Philippinen und Glencore-Xstrata: Ein Schweizer Abenteuer in der fernen Rohstoffkolonie

Nr. 24 –

Der Schweizer Rohstoffgigant Glencore-Xstrata ist auf den Philippinen massgeblich an einem riesigen Kupferabbauprojekt beteiligt. Strategische Unternehmensinteressen treffen auf Staatsversagen.

Lebensweise und Ernährungssicherheit der lokalen Bevölkerung sind durch das Minenprojekt gefährdet. Foto: Bobby Timonera, Fastenopfer

Noch ist das Bergbauprojekt in Tampakan auf der südphilippinischen Insel Mindanao in der Erkundungsphase; erst ab 2019 soll mit der Metallausbeutung begonnen werden. Aber dann massiv: 375 000 Tonnen Kupfer und 11,2 Tonnen Gold sollen pro Jahr abgebaut werden – und das während siebzehn Jahren. Mit fünf Milliarden US-Dollar ist das die wohl grösste ausländische Direktinvestition auf den Philippinen und eines der grössten Minenprojekte der Welt.

Doch bereits jetzt ist das Projekt ein Lehrstück des Rohstoffparadoxes – ein weiteres Beispiel, wie die Bevölkerung eines ressourcen- und konfliktreichen Gebiets zwischen den Interessen globaler Unternehmen und lokaler Eliten aufgerieben wird. Lange vor der operationellen Phase haben die zunehmenden Konflikte mindestens acht Todesopfer gefordert. Gemäss philippinischen Zeitungsberichten kommt es immer wieder zu Kämpfen zwischen bewaffneten Indigenengruppen und dem Militär. Aufsehen erregte ein Gewaltverbrechen im letzten Oktober, bei dem Soldaten die Ehefrau und zwei Söhne eines flüchtigen militanten Indigenenführers erschossen hatten.

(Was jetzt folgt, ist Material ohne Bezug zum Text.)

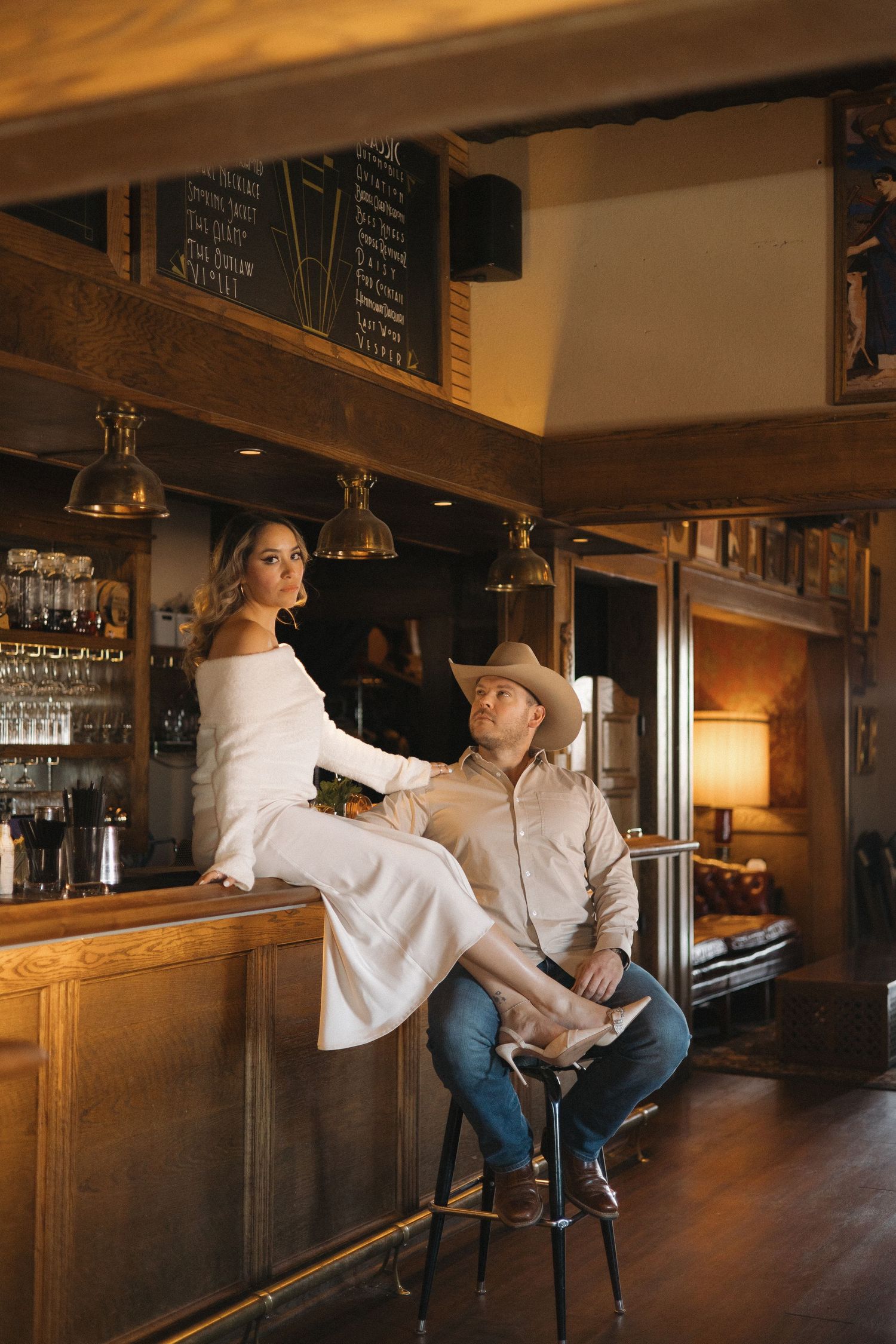 A couple poses in a rustic Western bar, woman in white dress on counter, man in cowboy hat seated on barstool.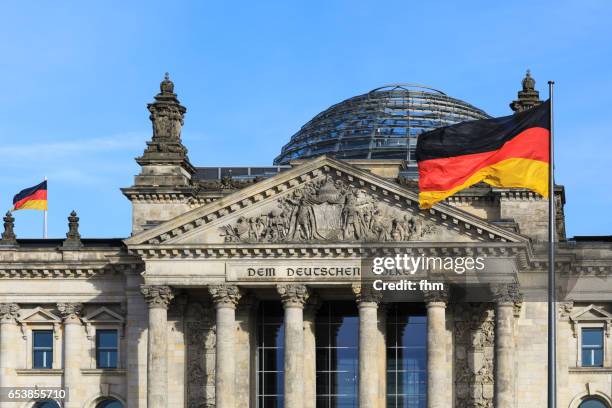 the famous inscription on the architrave on the west portal of the reichstag building in berlin: "dem deutschen volke" with german flag - reichstag photos et images de collection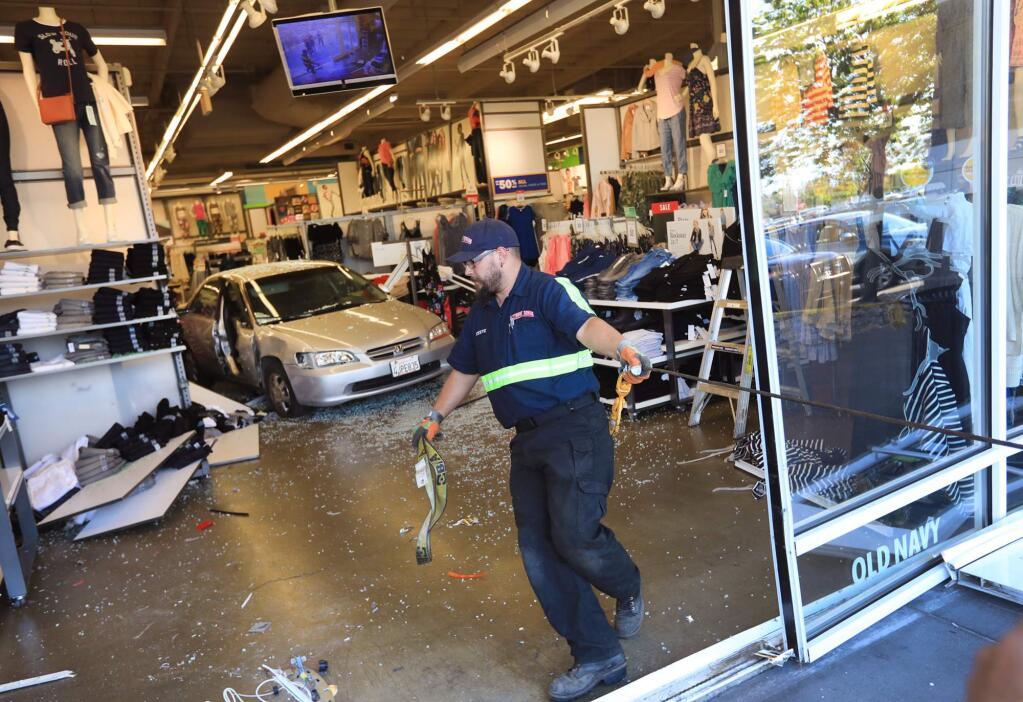 At the Old Navy store in the Santa Rosa Marketplace, Monday, April 30, 2018, Steve Manabe of Extreme Towing pulls cable to hook up a vehicle that was driven through the front doors accidentally, injuring one person. (Kent Porter / The Press Democrat) 2018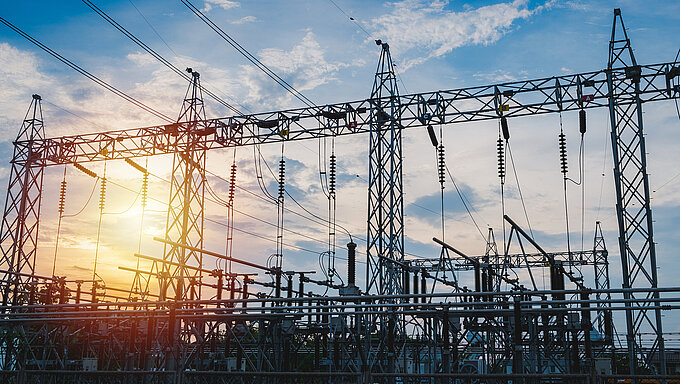 Sunset behind substation towers with blue sky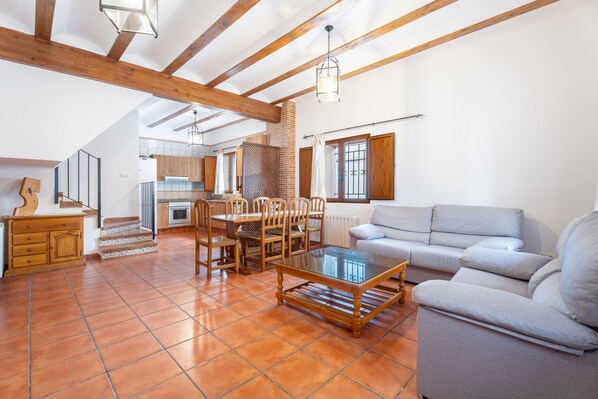 A spacious living area with a dining table, sofa, and kitchen in the background.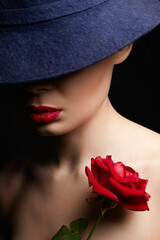 Fototapeta premium Beautiful young Woman In Hat and Flower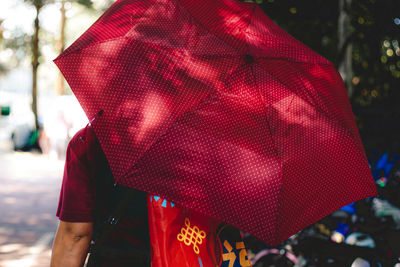 Rear view of woman with red umbrella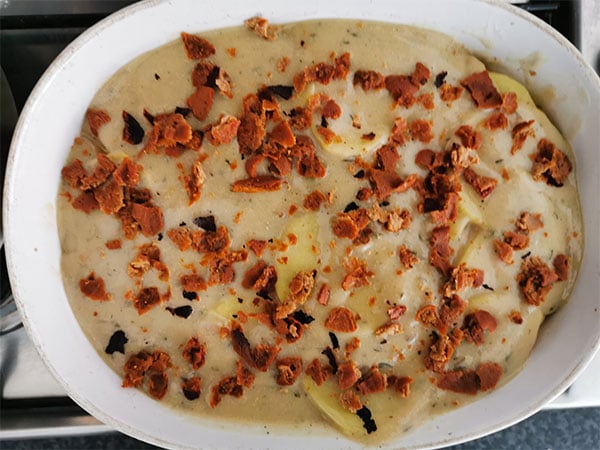 vegan scalloped potatoes are topped with sheet pan bacon bits and placed in a white baking dish ready for the oven.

Zentralregierung gegen Provinz

«Die Philippinen haben eine lange, dunkle Geschichte des Rohstoffabbaus», sagt Gillarme Joy Pelino. Der katholische Pfarrer leitet das Social Action Center der Diözese Marbel, in der grosse Teile des 96 Quadratkilometer umfassenden Minenprojekts liegen. Pelino setzt sich seit Jahren vehement für die indigene und arme Bevölkerung der Region ein. «Es ist eine totale Liberalisierung des Rohstoffsektors, von der im Land nur eine kleine Elite profitiert», sagt der zierliche 33-Jährige, «denn eine Industriepolitik, mit der lokale Produktionsstätten und Arbeitsplätze geschaffen würden, existiert nicht.»

Seit Jahrzehnten verkündet die Regierung in der weit entfernten Hauptstadt Manila, der Rohstoffsektor sei ein zentraler Pfeiler der wirtschaftlichen und sozialen Entwicklung – obwohl der Bergbau 2011 gerade mal 1 Prozent zur Wirtschaftsleistung und gar nur 0,6 Prozent zur Gesamtbeschäftigung beitrug. Die Regierungsstellen ebneten denn auch diesem gigantischen Bergbauprojekt den Weg: mit Steuererleichterungen, lascher Anwendung von Umweltschutzbestimmungen, Vernachlässigung der Indigenenrechte bis hin zu militärischem Schutz des Projekts.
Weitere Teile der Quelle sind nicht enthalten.